Authors Kingsley-Smith H , Short S, Kotze K, Lyons O 

Received 12 September 2022

Accepted for publication 6 December 2022

Published 22 December 2022 Volume 2022:13 Pages 1547—1554

DOI https://doi.org/10.2147/AMEP.S386961

Checked for plagiarism Yes

Review by Single anonymous peer review

Peer reviewer comments 2

Editor who approved publication: Professor Balakrishnan Nair



Harry Kingsley-Smith,1 Sarah Short,2 Koot Kotze,3 Oscar Lyons2

1Department of Medical Education, Oxford University Hospitals NHS Foundation Trust, Oxford, Oxfordshire, UK; 2Nuffield Department of Surgical Sciences, University of Oxford Medical Sciences Division, Oxford, Oxfordshire, UK; 3Nuffield Department of Primary Care Health Sciences, University of Oxford, Oxford, Oxfordshire, UK

Correspondence: Harry Kingsley-Smith, Email [email protected]

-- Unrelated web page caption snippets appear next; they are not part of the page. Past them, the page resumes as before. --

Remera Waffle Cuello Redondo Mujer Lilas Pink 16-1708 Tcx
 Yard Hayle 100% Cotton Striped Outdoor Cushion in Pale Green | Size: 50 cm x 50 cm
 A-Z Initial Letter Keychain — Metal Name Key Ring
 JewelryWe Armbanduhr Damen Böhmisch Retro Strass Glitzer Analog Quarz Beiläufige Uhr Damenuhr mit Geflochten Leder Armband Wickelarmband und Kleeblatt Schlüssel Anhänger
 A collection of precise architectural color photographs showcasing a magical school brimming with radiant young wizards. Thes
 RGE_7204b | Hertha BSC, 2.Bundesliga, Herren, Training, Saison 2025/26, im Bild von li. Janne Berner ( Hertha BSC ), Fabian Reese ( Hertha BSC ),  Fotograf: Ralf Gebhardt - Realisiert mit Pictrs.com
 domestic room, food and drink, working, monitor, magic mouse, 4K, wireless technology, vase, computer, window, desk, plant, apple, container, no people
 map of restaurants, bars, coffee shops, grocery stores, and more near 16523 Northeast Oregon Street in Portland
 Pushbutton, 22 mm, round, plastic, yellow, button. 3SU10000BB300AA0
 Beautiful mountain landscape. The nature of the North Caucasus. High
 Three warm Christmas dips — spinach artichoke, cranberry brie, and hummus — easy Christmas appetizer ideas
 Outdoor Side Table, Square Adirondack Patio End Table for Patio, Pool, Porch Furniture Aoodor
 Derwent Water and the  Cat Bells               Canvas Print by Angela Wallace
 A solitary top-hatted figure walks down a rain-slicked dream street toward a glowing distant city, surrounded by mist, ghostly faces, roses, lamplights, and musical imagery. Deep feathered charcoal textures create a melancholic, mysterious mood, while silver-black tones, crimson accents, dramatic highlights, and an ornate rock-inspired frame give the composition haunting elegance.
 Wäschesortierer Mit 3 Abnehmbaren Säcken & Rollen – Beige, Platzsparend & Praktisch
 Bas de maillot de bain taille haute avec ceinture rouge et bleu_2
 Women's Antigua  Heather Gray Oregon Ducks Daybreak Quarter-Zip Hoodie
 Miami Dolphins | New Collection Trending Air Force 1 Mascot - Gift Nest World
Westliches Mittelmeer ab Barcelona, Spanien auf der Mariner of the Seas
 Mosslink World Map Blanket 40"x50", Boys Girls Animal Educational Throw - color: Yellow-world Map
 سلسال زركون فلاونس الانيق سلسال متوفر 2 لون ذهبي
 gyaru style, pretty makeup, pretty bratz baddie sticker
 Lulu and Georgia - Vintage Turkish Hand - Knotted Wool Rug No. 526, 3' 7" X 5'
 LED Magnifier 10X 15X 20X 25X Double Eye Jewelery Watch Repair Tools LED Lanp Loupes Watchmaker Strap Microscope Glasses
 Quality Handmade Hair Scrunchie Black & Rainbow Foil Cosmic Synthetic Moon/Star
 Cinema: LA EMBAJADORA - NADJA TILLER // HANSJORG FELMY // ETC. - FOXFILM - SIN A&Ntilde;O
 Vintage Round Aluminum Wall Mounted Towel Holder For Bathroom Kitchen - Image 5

Background: Biomedical scientists have become de facto leaders for their research teams. Theories of expert leadership suggest that the specialist knowledge and credibility these researcher-leaders bring to their roles can lead to improved performance. Formal leadership development for biomedical researchers remains uncommon, and it is unclear whether existing leadership development programmes achieve improved individual and organisational outcomes. Our study evaluates the effectiveness of a single centre leadership development programme for biomedical researchers using a mixed-methods approach.
Methods: 26 biomedical researchers participated in an 8 month single centre multidisciplinary leadership development programme. Participants completed prospective pre-test, retrospective then-test and traditional post-test self-assessments using the Primary Colours Questionnaire (PCQ) and Medical Leadership Competency Framework Self-Assessment Tool (MLCFQ). Pre–post pairs and then–post pairs were analysed for changes using Wilcoxon signed-rank tests and compared with a parallel mixed-methods evaluation organised by Kirkpatrick levels.
Results: There were significant increases in 3/7 domains and 1/5 tasks of leadership in the PCQ, in both pre-post and then-post paired assessments. There were statistically significant but small increases in 2/7 domains of the MLCFQ. The mixed-methods data showed positive outcomes at all Kirkpatrick levels. Participants said the programme was relevant, interesting and well-organised, with 63% reporting increased confidence and motivation. Participants had a significant change in behaviour, spending 1– 2 hours per week on group projects, which were successfully implemented locally. 42% of participants expected these projects to continue beyond the programme.
Discussion: This study demonstrates a local leadership programme can have positive impact within a biomedical research centre despite time and financial constraints. We encourage future studies to utilise a mixed-methods approach to evaluating the impact of leadership development programmes.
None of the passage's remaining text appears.